TOGO – Togo’s soybean industry has set a new target of 500,000 tons for the 2025-2026 agricultural season, nearly doubling its current output of over 260,000 tons.
The ambitious goal was announced by the Interprofessional Council for the Soybean Sector of Togo (CIFS-Togo) during the official launch of the new season on June 27, 2025, in Atakpamé,.
“In 2015, our production was below 25,000 tons. Today, we have reached over 260,000 tons, but market demand is close to 700,000 tons. With everyone’s commitment, we believe we can cross the 500,000-ton mark by 2026,” said Mounirou Koriko, Chairman of CIFS-Togo.
To achieve this, he added, stakeholders must address key challenges, including improving access to farm inputs, certified seeds, and production equipment, while fostering trust across the value chain. Koriko emphasized the need for collaboration.
“If we work together to improve production, everyone will benefit sustainably. Soybeans must become a strategic crop for our agricultural economy,” he said.
The push for increased production comes as Togo seeks to strengthen the resilience of its soybean industry, particularly after recent campaigns fell short of expectations.
Togo’s organic export leadership faces new challenges
Meanwhile, Togo’s role as a major organic exporter is under pressure from tightening global regulations.
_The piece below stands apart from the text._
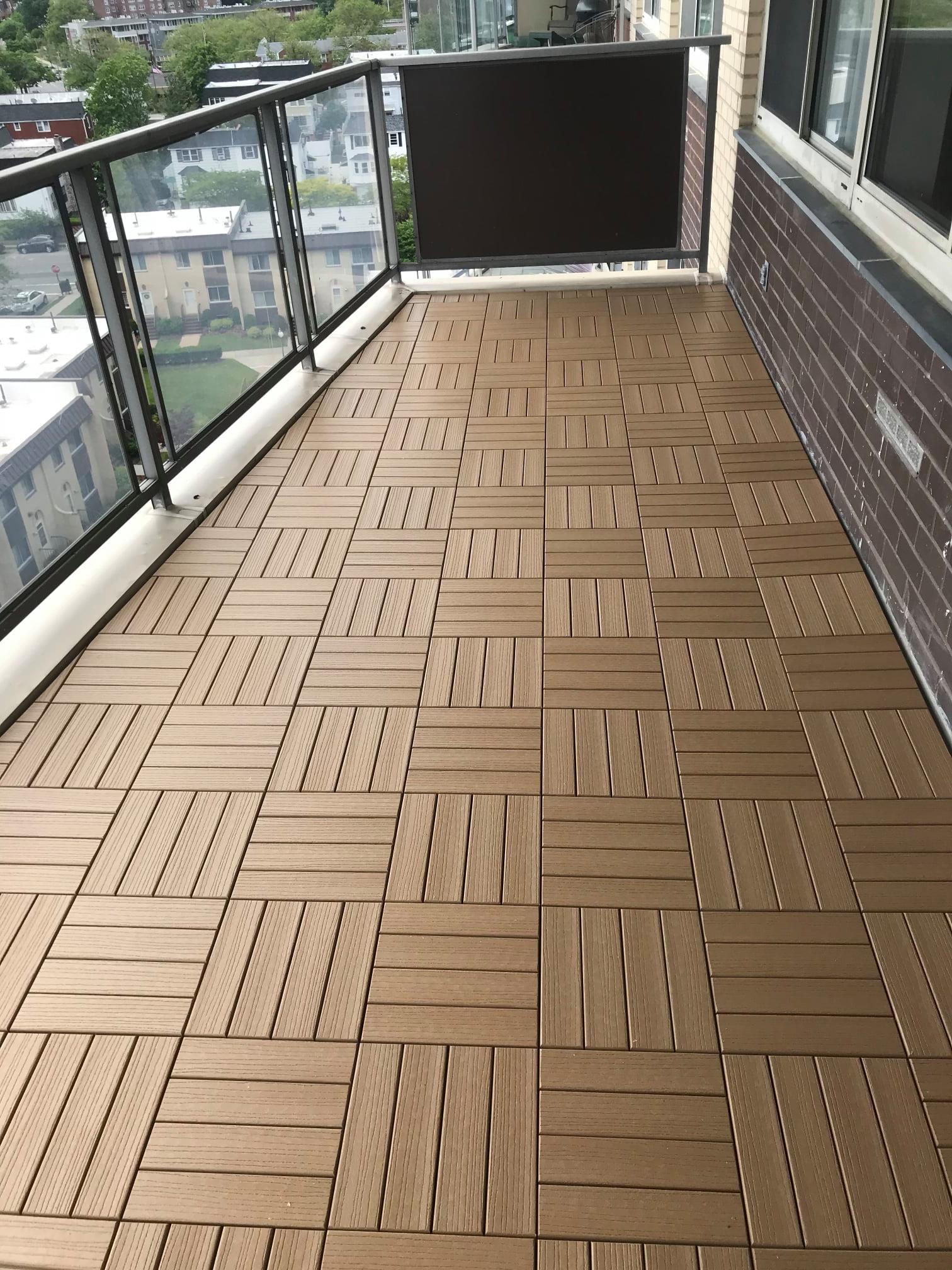 Showcase Weatherstone Composite Deck Tiles - Coverdeck Systems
According to the European Commission, Togo is Africa’s second-largest exporter of organic produce to the EU, trailing only Egypt, with soybeans and pineapples among its leading products.
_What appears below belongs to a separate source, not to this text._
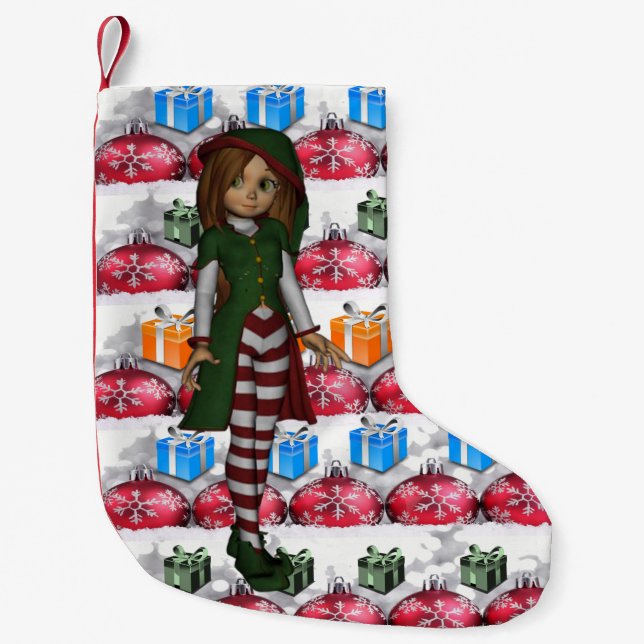 Meia De Natal Pequena estocagem de Natal (Frente)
Maintaining this position is vital, but stakeholders must adapt quickly to new certification requirements set by both the European Union and the U.S. Department of Agriculture’s National Organic Program (NOP).
On August 11, 2025, the National Association of Soybean Exporters (ANCES-Togo) convened producers, processors, and exporters in Lomé to address these new regulations.
The updated EU and U.S. National Organic Program (NOP) standards impose heightened compliance demands, including stricter traceability and quality benchmarks.
Kokou Tewou, ANCES-Togo Vice-President, described the changes as both a challenge and an opportunity, noting that they require enhanced control mechanisms and technical standards but open doors to higher-value markets.
“Operators who want to keep their edge must immediately follow these standards,” Tewou urged, emphasizing the long-term viability of Togolese exports.
Badr El Fartass, head of Morocco’s CCPB, highlighted additional hurdles, including a 2,000-member cap on producer groups and a 5-hectare limit on cultivated plots for small producers, new restrictions that could complicate compliance for Togo’s soybean sector.
With global competition intensifying, Togo’s ability to meet these standards will be critical to sustaining its organic export market share, particularly for key crops like soybeans and pineapples.